Introduction

Drosophila is a classic model animal, its neuromuscular junction (NMJ) is also a well-known neuroscience research model, which is widely used in many fields such as neurological diseases (Ashley et al. 2018; Banerjee et al. 2017), neurodevelopment (Belalcazar et al. 2021; Ramesh et al. 2021; Titus et al. 2021; Wang et al. 2021), neurodegeneration (Johnson et al. 2021), and neurosignal transmission (Krick et al. 2021; Metwally et al. 2021; Sidisky et al. 2021). Drosophila larval NMJ boutons are classified by three types synaptic boutons (types I, II, and III) (Guangming et al. 2020a; Jia et al. 1993), and they scattered in the shallow layers of muscles. The type I boutons (including type Ib and type Is) in the 6th/7th and 4th muscles are very suitable for the analysis of quantity and morphology by laser scanning confocal microscopy (Ashley et al. 2018; Featherstone et al. 2002). However, the diffuse NMJ boutons are not easy to observe via transmission electron microscopy (TEM), in which the visual range is extremely narrow. Therefore, due to boutons quantity, most studies consider the analysis of the ultrastructure of type I boutons in the 6th/7th muscles at segments A2 or A3 as an efficient strategy (Atwood et al. 1993; Jia et al. 1993).

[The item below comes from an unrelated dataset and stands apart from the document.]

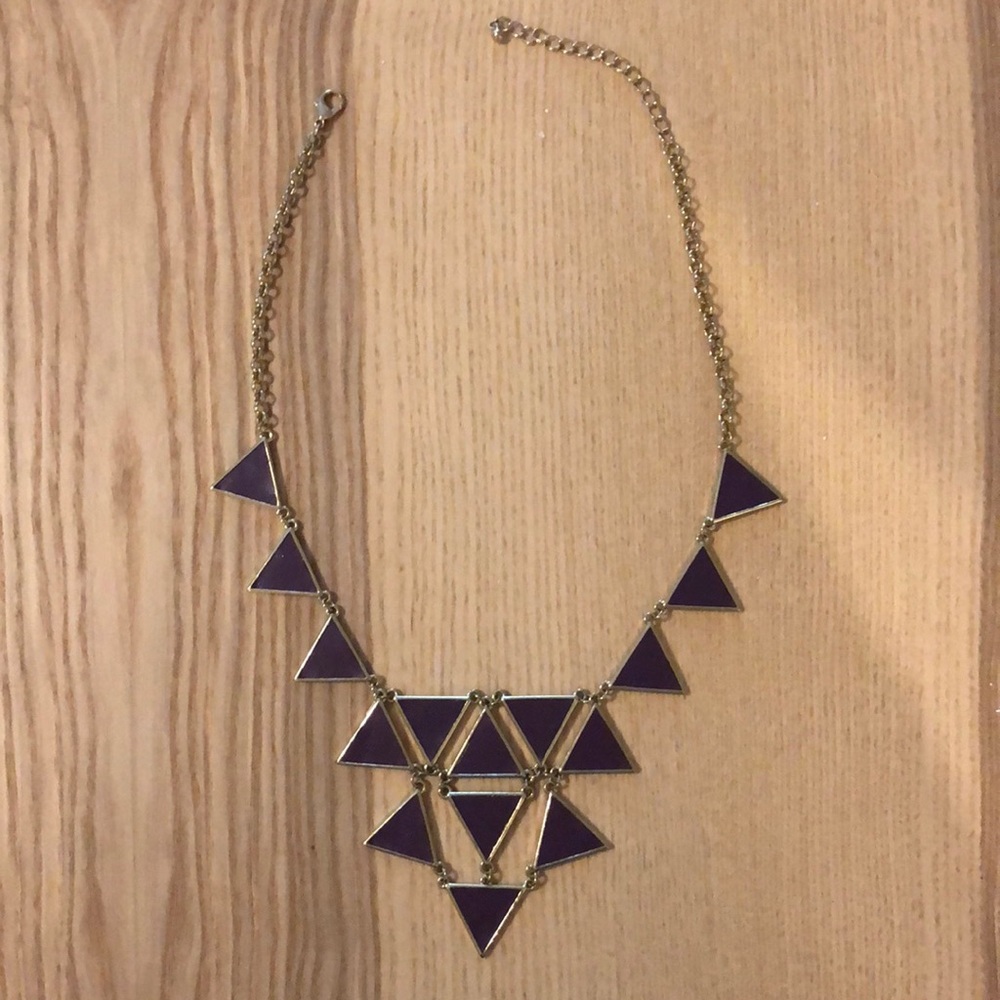 Purple, geometric necklace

The classic protocols for TEM of Drosophila recommend positioning type I boutons with half-thin slices and ultrathin sections (McDonald et al. 2012). Because type Ib boutons are 3–5 μm in diameter (Atwood et al. 1993), it is easy to lose quite a few part of the type Ib boutons after half-thin slice positioning, and it is not easy to observe the central section of type Ib boutons in TEM. Therefore, data from more than 8 central type Ib boutons in 3 animals should be considered valuable; notably, the total number of type Ib boutons in the 6th/7th muscles at segment A2 or A3 was greater than 40. Type I boutons are distributed along the length of the muscle, and longitudinal sections have been widely used for reducing the workload, except for the few early studies that used crosscutting (Budnik et al. 1990).

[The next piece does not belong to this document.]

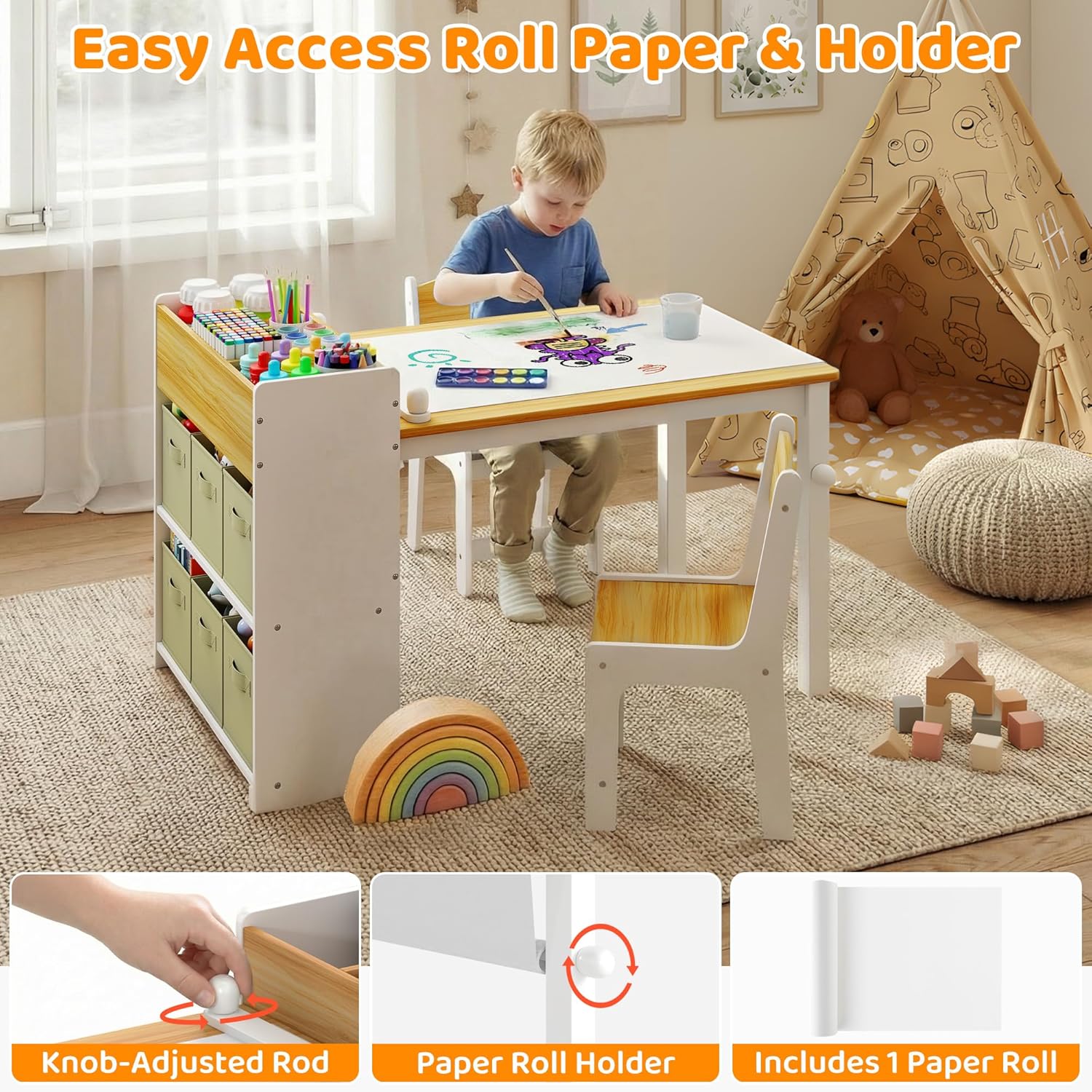 GITAWUSA Kids Art Table and Chairs, Wooden Kids Craft Table and Chairs with Storage Bins and Paper Roll, Toddler Activity Play Desk for Drawing/Learning/Read, Toddler Table and Chair Set for Boy/Girl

However, the fixed muscular sample of Drosophila larvae is very thin and easily curled in the process of alcohol/acetone dehydration, which is more unfavorable for positioning muscle and NMJ boutons. Some papers used the shortened samples to reduce curl (Banerjee et al. 2017), but it still did not prevent the sample from bending. Here, we reported a processing procedure to obtain a completely flat muscular sample, and easy to position NMJ boutons.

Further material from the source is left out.